Thursday, October 6, 2016

Don McIntosh on Evidence - Wrong


Christians invent many ways to make themselves seem rational and reasonable while making atheists seem irrational and unreasonable.  While it is undoubtedly true that some Christians are quite reasonable, and some atheists are unreasonable, when you try to paint them with a broad brush, your depiction is likely to be distorted.  And this is especially true when you try to turn the tables on reality.  But that's what Don McIntosh attempts in his latest posting at the Christian Cadre, called The Celestial Teapot and Christian Theism.  Don has presented a straw man for the atheist's view of evidence and the opposite of that - an iron man - for the Christians' view.

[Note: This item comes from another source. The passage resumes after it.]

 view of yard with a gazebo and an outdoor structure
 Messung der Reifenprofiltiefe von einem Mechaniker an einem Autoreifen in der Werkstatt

Let's start with the straw man.  Don uses Russell's Teapot argument as an example what atheists would demand as evidence for belief in God.  The narrative is that we don't believe in the celestial teapot because we have never seen it.  And the same is true for God belief.  We don't believe it because we haven't seen God.
the fact that no one has empirically detected the celestial teapot means there is no evidence for it. ... a failure to provide any documentation of the Celestial Teapot means there is precisely zero evidence for the Celestial Teapot. This reductionism of evidence to "the thing itself" is what inspires skeptics to say things like "I'll believe just as soon as you show me your god"
And Don proceeds to contrast this with a more scientific view of evidence, where the existence of something is inferred from the body of data available to the observer.  For example, the existence of the Oort Cloud was not observed by astronomers, but inferred by the observation of long-period comets.  So scientists can infer the existence of things based on the evidence, but when it comes to God, atheists demand to see God in the flesh, so to speak, before they can believe in him.

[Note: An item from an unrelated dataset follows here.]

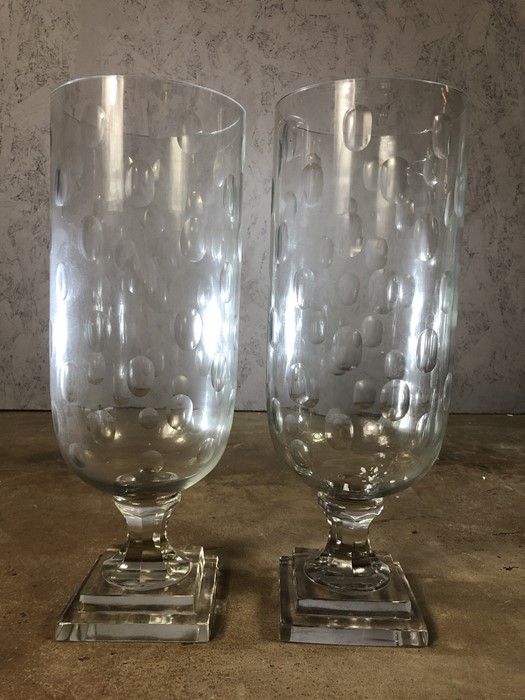 Pair of large glass hurricane lamps, each approx 40cm in height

The problem with this narrative is that it's absolutely false.  I've never heard even a single atheist say that only direct observation of God would constitute sufficient evidence to believe.  Even most fellow Christians recognize that what atheists want to see is evidence that would allow us to infer God's existence.  Most of them just think the evidence we want to see in order to infer God's existence is unreasonable, as discussed in this article.  But Don has a narrative, and he's sticking to it.

So why would he want to pin this obvious straw man on atheists?  I think it serves his purpose in two ways.  One is that if you accept that atheists hold this view, it implies an extremely unsophisticated concept of God.  Of course, we Christians understand that God can't be seen.  But those naive and unsophisticated atheists ... they don't get it.  Do you see how much smarter we are?  The second reason for the straw man is that it also shows the atheist to be scientifically unsophisticated as well, since he doesn't understand the scientific use of evidence to make inferences.  Unlike the much more sophisticated Christian, of course, who does understand this.

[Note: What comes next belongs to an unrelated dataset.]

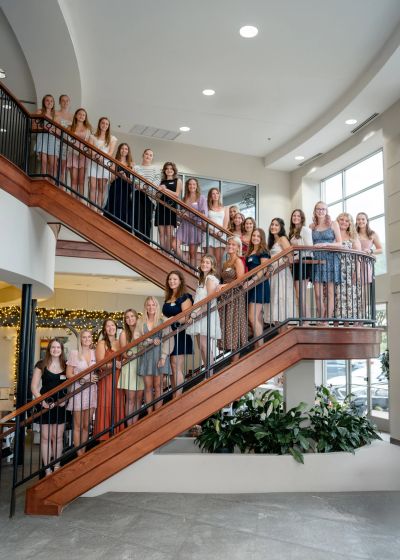 Group photo of young women on a staircase indoors.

Which brings us to Don's iron man.  This is his view of Christians evidence-based belief in God.  He claims that Christians infer God from the evidence, since God is the best explanation for the things we observe.  And this makes them much more like scientists than the those unsophisticated atheists, who demand to see "the thing itself".  And this evidence is abundant:
Of course it is this second sense in which Christians appeal to evidence. In religious experience, the arguments of natural theology, historical evidence for the miracle ministry and resurrection of Jesus, etc., there is sufficient reason to impute causal powers to God far beyond "the power to just sit there." Thus there are many things for which God is the best explanation. Thus there is abundant evidence for Christian theism.
But this is an iron man because it sounds much more reasonable than it is.  In truth, objective evidence that would justify belief in God doesn't exist.  What does Don call "evidence"?  Religious experience is a purely subjective feeling that is interpreted in different ways, depending of what a person believes.  Arguments of natural theology are not evidence at all.  They are not what we observe, but they are arguments and inferences about what we observe, as I discuss here.  And what about historical evidence of miracles?  I would agree if they were adequately documented, but they aren't.  Biblical accounts with no corroboration from other sources are just myths.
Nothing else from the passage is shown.